We had discussions with it recently, prior to the ministerial announcement about the extension of sheriffs' powers. One of our main concerns with the Bonomy proposals, in the longer term, is the disclosure provisions. We are not agin the disclosure provisions; our concern is that there could be more work for our members, at least in the short term. Already, statements are looked at in relation to certain legal obligations, but if the entire Crown case has to be given to the defence at an earlier stage, there will be additional work—perhaps for reasonably senior legal staff—in ensuring that nothing inappropriate, such as a confidential address, is given out. We understand that IT provision will be made for that work; however, we have grave concerns that, if that IT provision is not available in time, reasonably experienced senior members of our legal staff will have to comb through statements more regularly than is currently required. We do not think that that would be the best use of their time, considering all the other work that they have to do.

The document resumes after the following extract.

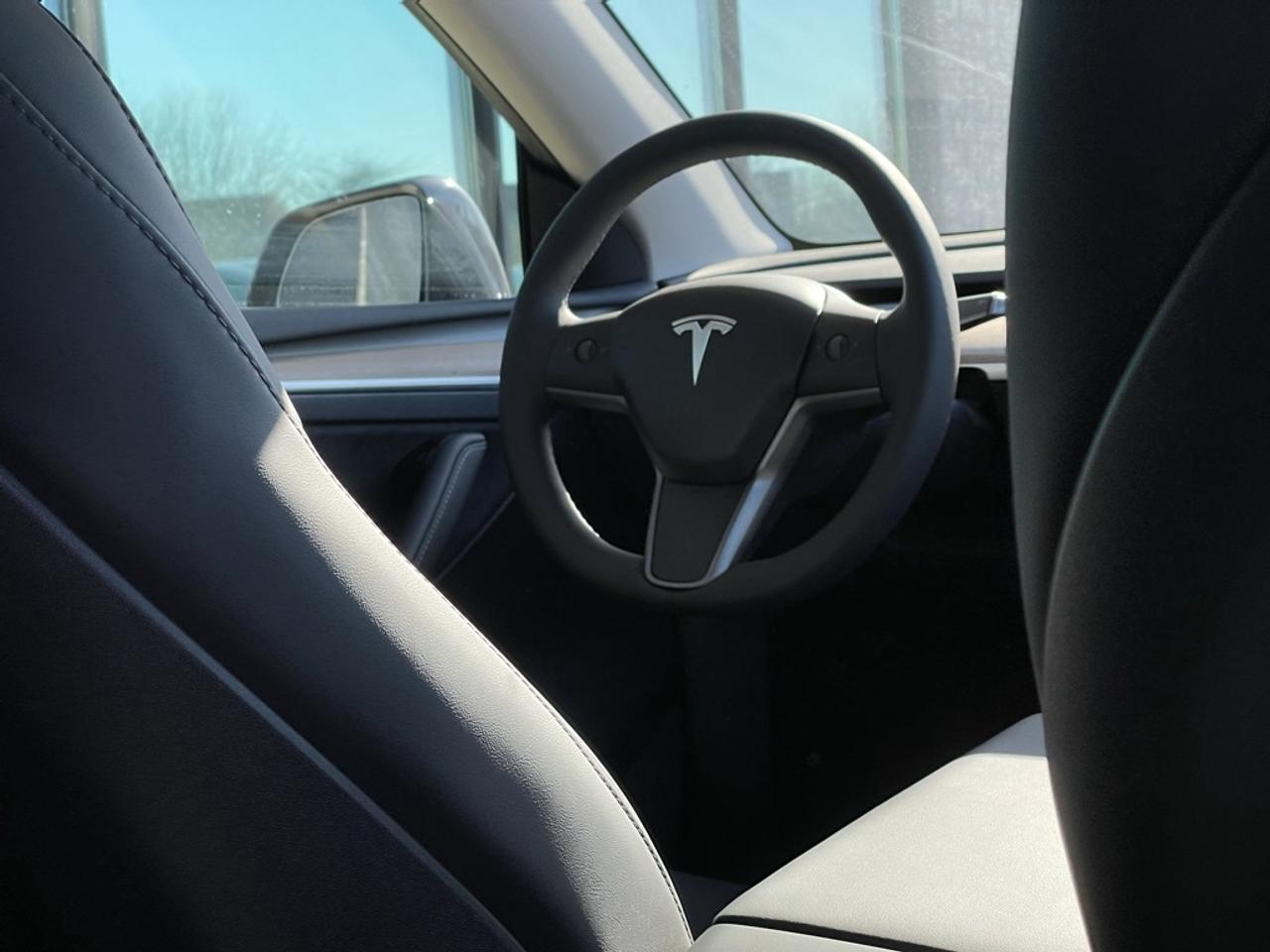 2023 Tesla Model Y RWD   Clean CARFAX! No Extra Fees! Safety Included Photo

I have a final point for clarification in relation to this whole broad area. In evidence last year, concern was expressed about the time lag between recruitment, training and someone having gained sufficient experience to prosecute cases. Is that an issue for you? If there is a pressure point for staffing levels consequent on the Bonomy proposals, does that need to be anticipated now? Is the situation dangerous? Is the requirement far more onerous than anyone realised, so that we need to increase the number of procurators fiscal by X per cent?
The COPFS has taken on more staff in response to the proposals; however, most of them will not be experienced enough to go straight into sheriff and jury work. There may be sufficient numbers on the ground, but the pressure of doing the new, additional serious work will fall on those experienced people who are already telling me about the pressures that they face.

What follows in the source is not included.